At some stage of any business owner’s lifecycle, the idea of expanding the business will come to mind - The owner may be looking for capital to grow, incentivising key employees, or introducing another stakeholder who can offer expertise.

The commercial drivers may be different depending on the business, but the legal, tax and duty issues are very similar and likely to be along the following lines:


Are you structured appropriately to accommodate expansion? If you currently operate in a family discretionary trust, the answer is no. In order to expand, you will need to move the business to an environment that allows you to issue equity, such as a company or unit trust. Companies are becoming increasingly popular given the ever-falling rate of tax.

There are several rollovers that let you move to a company structure without triggering a capital gain and one that lets you move to a unit trust. Depending on your circumstances, you could trigger a capital gain and shelter it using small business concessions which opens the choice of structure.

Stamp duty also needs to be considered where you are based or do business in a State or Territory that still imposes duty on business transactions.


Even if you are structured appropriately, are there items in your financial statements that would cause potential investors to hesitate? Some private businesses often struggle to draw the line between private and business expenses. Cars, private expenditure, under and over-paid associates and loans will need to be addressed and tidied up.

Sale of equity/Issue of equity

Once you are structured correctly and financials are in order, it is time to consider how to bring in the investor. It is not as simple as just transferring existing shares from current shareholders or causing the company to issue shares.

From an existing shareholder’s perspective, if they were to transfer their shares they would be taxed as if they received a market value price for them. An issue of shares by a company can overcome this, but only where the shares are issued for market value.
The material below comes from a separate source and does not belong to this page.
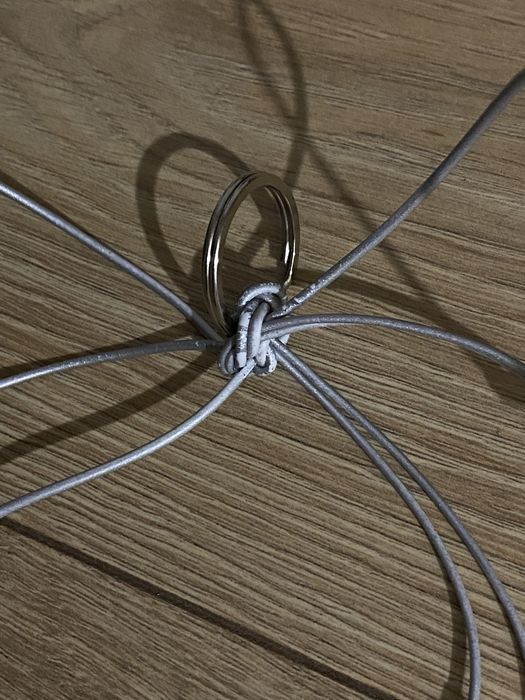 Дизайнерский брелок Apple EarPods USB-C custom silver 1/1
This raises the question of what is market value for the shares? This is notoriously difficult for smaller businesses that are not actively traded or where there is not a wide market. It may be safe to say that a price agreed between parties where they are acting in good faith and on an arm’s length basis will be enough. Remember though, everyone will go and get their own advice, so how the price is arrived at ‘needs to stack up’; more so if a financier is involved.

The tax issues become more complicated if you are introducing an employee. Unless they pay market value, the market value or the discount to market value will be immediately assessable to them. Depending on how much equity you are giving them, use can be made of the employee share scheme rules that have been amended to be more accommodating for small and new businesses.

With that said, private business owners should not be in too big a rush to issue equity. Fantastic employees do not necessarily make fantastic owners. Once they have equity, you cannot just take it from them.

It is usually the case of first introducing a bonus scheme or a phantom equity scheme to get a feel of how they perform as ‘would be’ owners without giving them equity.

Governance Agreement

A governance agreement is a broad term that covers shareholder, unitholder and partnership agreements. Once you have decided to expand and introduce other equity owners, it is critical to bed down the rules of engagement for when the dynamics of the business change (someone dies, suffers a trauma, divorces, financial hardship or just wants to exit).

These agreements are not designed to be referred to on a weekly basis to regulate conduct. If that level of detail is needed, you really need to query whether you should be getting into business with that person.

A governance agreement covers a number of matters including:

Decision making – are there particular decisions that require unanimous approval and some that require a special or simple majority

Trigger events – agreeing from the outset the occurrence of events that cause the automatic exit of an equity holder such as death, trauma, divorce etc

Valuation – an agreed methodology to value an exiting person’s interest in the business on the happening of a trigger eve

Funding – how an exiting person’s interest is funded on a trigger event. Some events are easy where insurance can be obtained such as death or trauma. For uninsurable events, usually there are vendor finance terms such as being paid over two years, in equal installments and subject to business viability

Dispute resolution clauses – these are included to keep lawyers out of a dispute for as long as possible to allow parties to hopefully come to a common-sense outcome

It is important that the same rigour that you would apply to who you introduce into your business is also applied to how they are introduced. These matters go to the heart of provenance of your business and due diligence of these matters by others will determine the quality of that provenance. Usually, the better the quality the better the price that can be commanded.